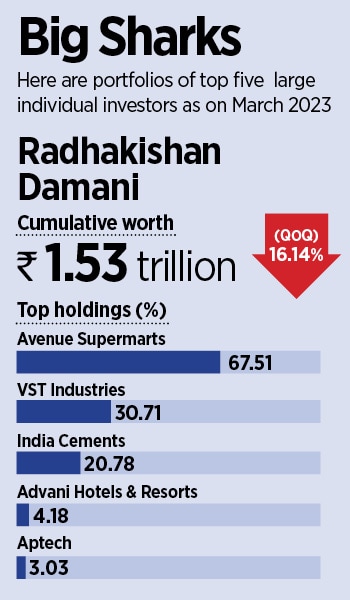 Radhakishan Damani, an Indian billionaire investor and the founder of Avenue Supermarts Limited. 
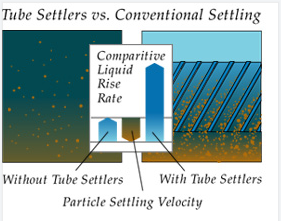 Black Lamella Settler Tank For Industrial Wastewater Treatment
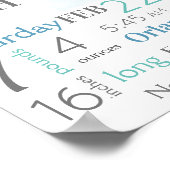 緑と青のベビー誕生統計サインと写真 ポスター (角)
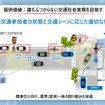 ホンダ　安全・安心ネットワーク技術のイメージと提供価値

YOUR ASSIGNMENT:
An exact copy of the material above is required, free of any pictures.

EXERCISE OUTPUT:
 Radhakishan Damani, an Indian billionaire investor and the founder of Avenue Supermarts Limited. 
 Black Lamella Settler Tank For Industrial Wastewater Treatment
 緑と青のベビー誕生統計サインと写真 ポスター (角)
 ホンダ　安全・安心ネットワーク技術のイメージと提供価値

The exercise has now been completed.